La firma de un acuerdo por 175 países en 2023, con el compromiso de poner fin a esta contaminación, refleja la urgencia de abordar este problema.
Cualquier momento del año es ideal para adoptar hábitos más sostenibles, pero el verano ofrece una oportunidad perfecta para hacer cambios en familia.
Los números son alarmantes: la producción mundial de plástico ha aumentado exponencialmente, pasando de 2 millones de toneladas en 1950 a 348 millones en 2017, con proyecciones de duplicarse para 2040. Más de 12 millones de toneladas de plástico llegan al océano cada año, afectando a más de 800 especies marinas y costeras.
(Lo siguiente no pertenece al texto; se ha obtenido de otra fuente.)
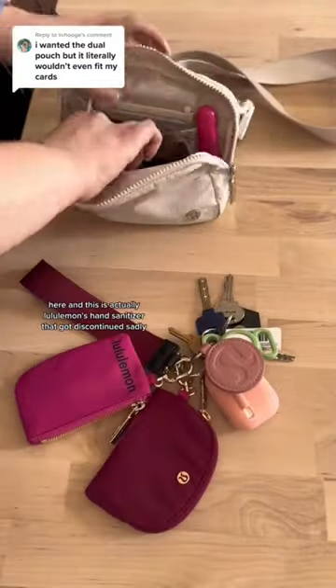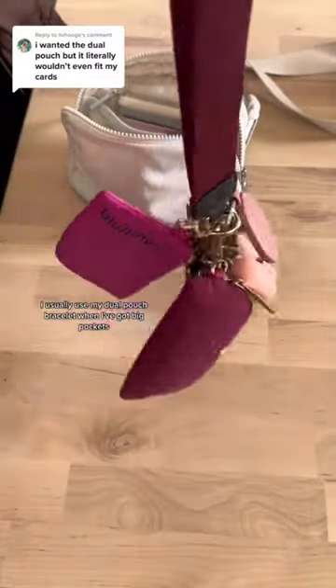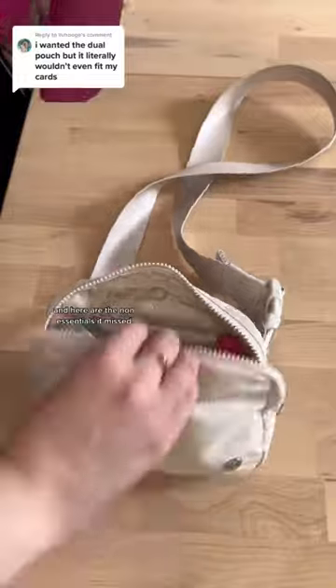This is actually Lululemon's hand sanitizer that got discontinued, sadly. I usually use my Dual Pouch Wristlet when I've got big pockets or another bag that I can put it in for storing. And here are the non-essentials it missed.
Además, los químicos presentes en el plástico desechable representan un riesgo potencial para la salud humana, especialmente en lo que respecta a la salud hormonal.

El verano, con su aumento de actividades al aire libre y la necesidad de mantenerse hidratado, ofrece un momento clave para reflexionar sobre nuestro consumo de plástico. Es la temporada de picnics, excursiones y días en la playa, donde las alternativas sostenibles pueden marcar la diferencia.

La mayoría de las botellas de agua de plástico están compuestas de PET, un material que puede liberar sustancias tóxicas, como el antimonio, especialmente cuando se expone al calor. Con el aumento de las temperaturas, aumenta el riesgo de contaminación del agua embotellada, lo que plantea preocupaciones tanto para el medio ambiente como para la salud humana.

Ante estos riesgos, es importante considerar cambios sencillos pero significativos durante el verano:
- Utilizar bolsas reutilizables en lugar de bolsas plásticas de un solo uso.
- Evitar el uso de recipientes y botellas de plástico para almacenar alimentos y bebidas, optando por alternativas de vidrio o cerámica.
- Rechazar platos, cubiertos y vasos desechables, optando por opciones duraderas y reutilizables, como acero inoxidable o bambú.
- Preferir bebidas en envases retornables, especialmente de vidrio, para reducir los desechos.
El verano nos brinda la oportunidad de disfrutar de la naturaleza mientras adoptamos prácticas más respetuosas con el medio ambiente. Con pequeños cambios en nuestros hábitos de consumo, podemos contribuir a un verano más sostenible y libre de plástico desechable.